_EXERCISE:_ Please output the records below in full, exactly as given, but without the images.

▼

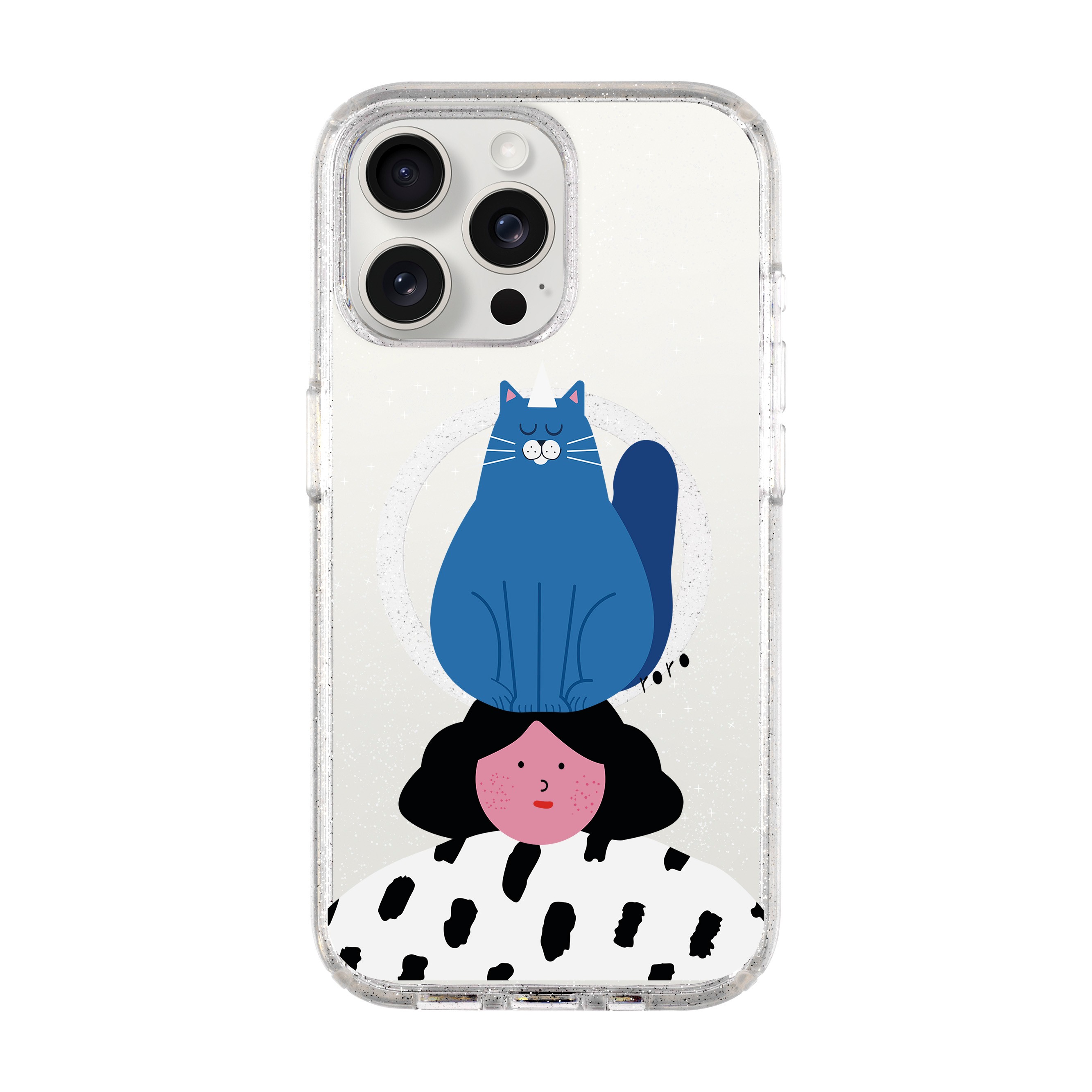 NAUGHTY CAT-iPhone Shiny Case with MagSafe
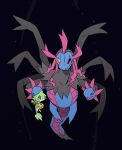  animalization black_background black_sclera colored_sclera dragon fang fangs full_body ghetsis_(pokemon) green_fur grey_eyes highres holding hydreigon looking_at_viewer mieaowu multiple_heads n_(pokemon) no_humans pokemon pokemon_(creature) pokemon_black_and_white pokemon_focus red_eyes simple_background snivy wings 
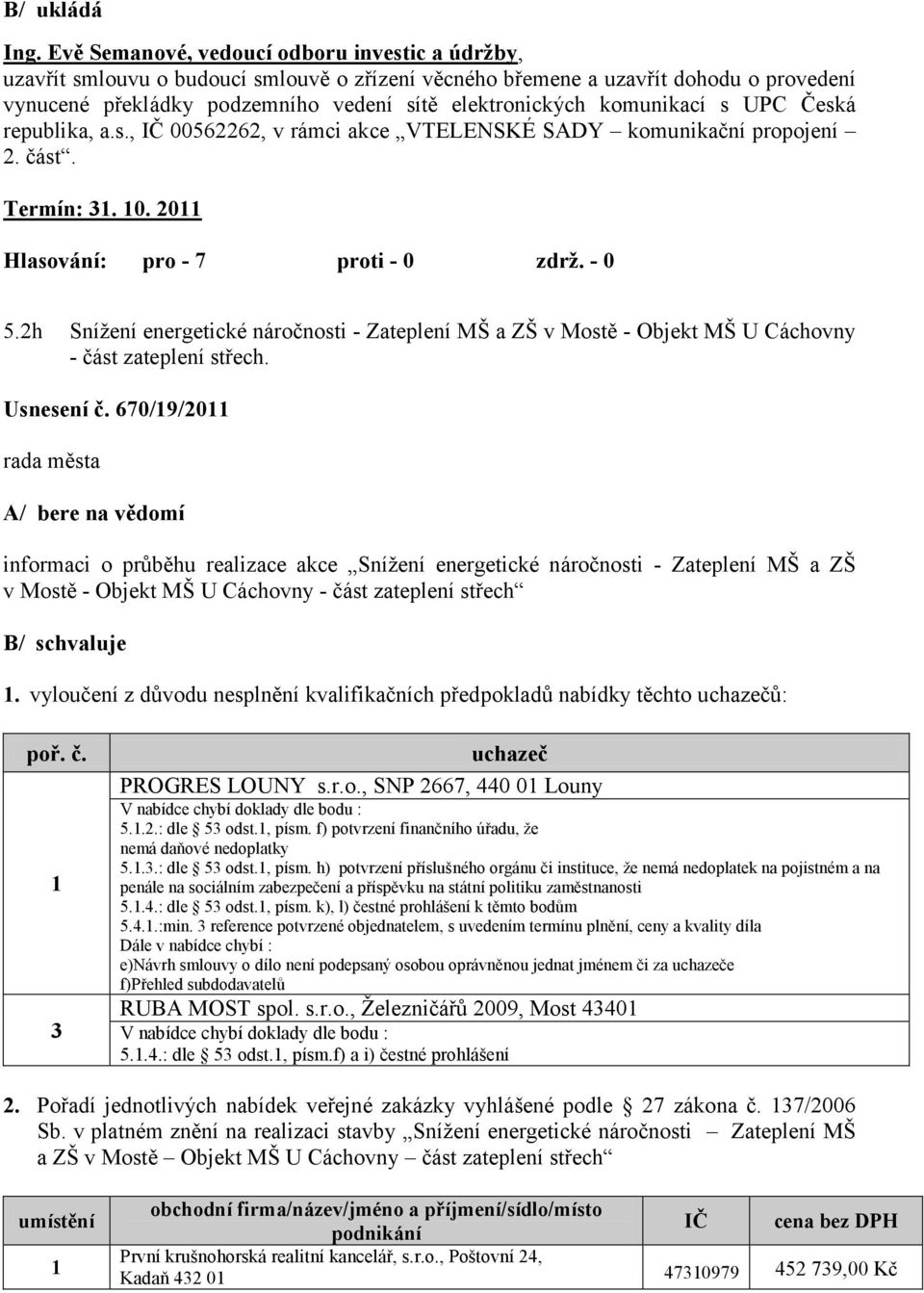 komunikací s UPC Česká republika, a.s., IČ 00562262, v rámci akce VTELENSKÉ SADY komunikační propojení 2. část. Termín: 31. 10. 2011 5.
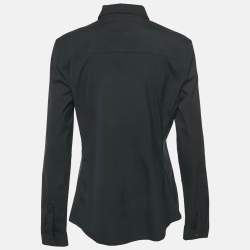 Pre Owned Dior Black Cotton Applique Detail Button Front Shirt L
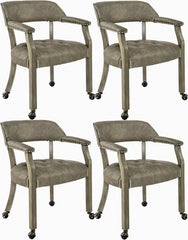 Image of Set of 4 Rolling Dining Chairs with Arms and Casters – Upholstered Accent Chairs for Dining or Game Tables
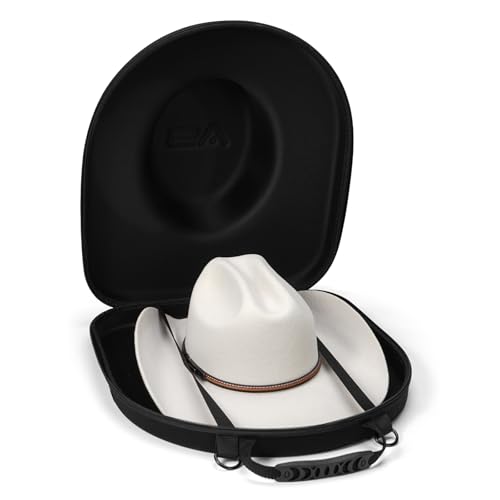 Anysiny Cowboy Hat Travel Case - Black, Crush Proof, Fits 2 Hats with Adjustable Straps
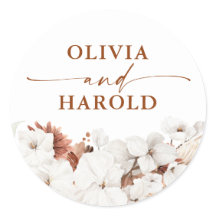 テラコッタと白い花ボホ結婚の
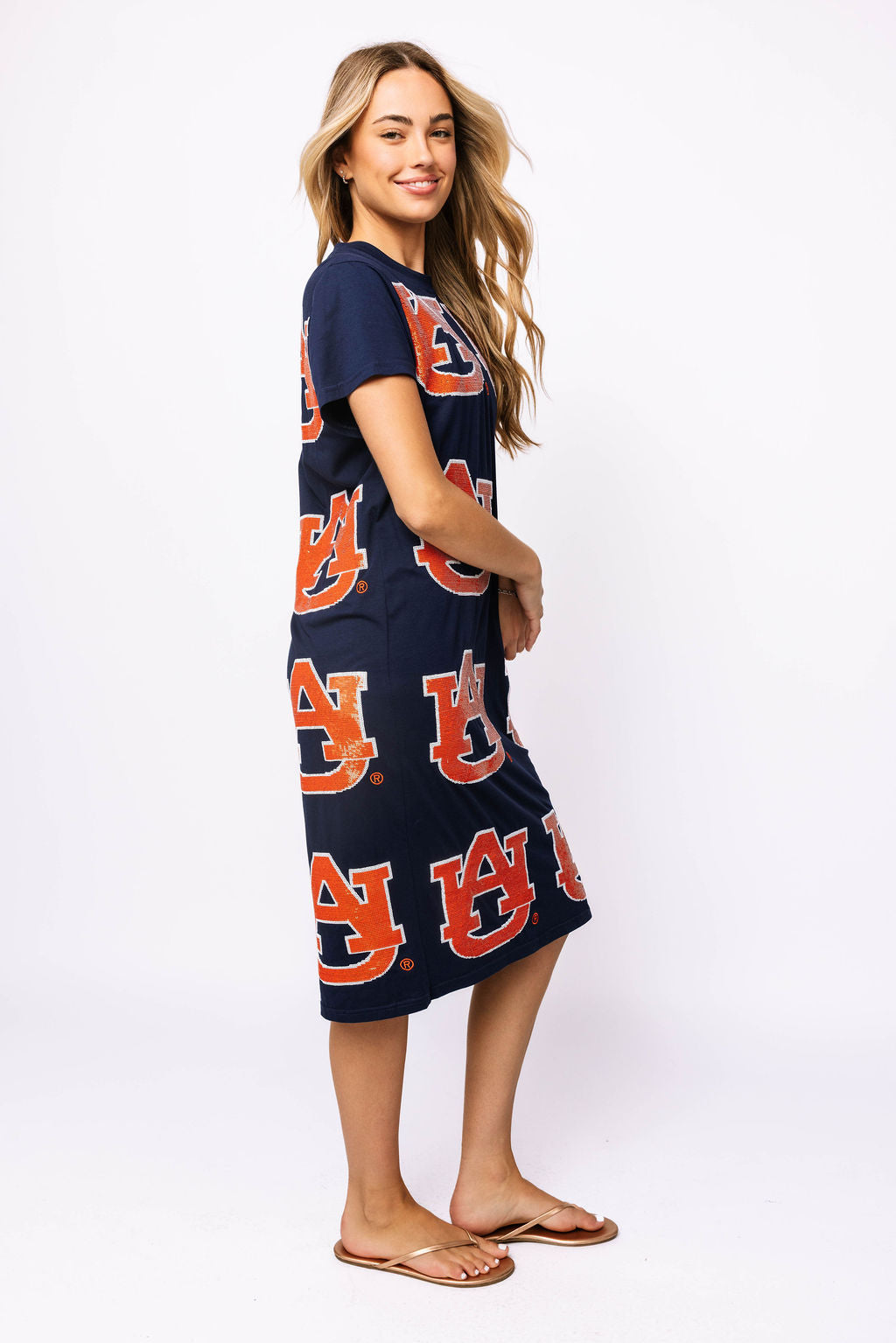 Licensed Auburn Mascot Midi Tee Dress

▲

_WRITTEN ANSWER:_
 NAUGHTY CAT-iPhone Shiny Case with MagSafe
  animalization black_background black_sclera colored_sclera dragon fang fangs full_body ghetsis_(pokemon) green_fur grey_eyes highres holding hydreigon looking_at_viewer mieaowu multiple_heads n_(pokemon) no_humans pokemon pokemon_(creature) pokemon_black_and_white pokemon_focus red_eyes simple_background snivy wings 
 komunikací s UPC Česká republika, a.s., IČ 00562262, v rámci akce VTELENSKÉ SADY komunikační propojení 2. část. Termín: 31. 10. 2011 5.
 Pre Owned Dior Black Cotton Applique Detail Button Front Shirt L
 Image of Set of 4 Rolling Dining Chairs with Arms and Casters – Upholstered Accent Chairs for Dining or Game Tables
 Anysiny Cowboy Hat Travel Case - Black, Crush Proof, Fits 2 Hats with Adjustable Straps
 テラコッタと白い花ボホ結婚の
 Licensed Auburn Mascot Midi Tee Dress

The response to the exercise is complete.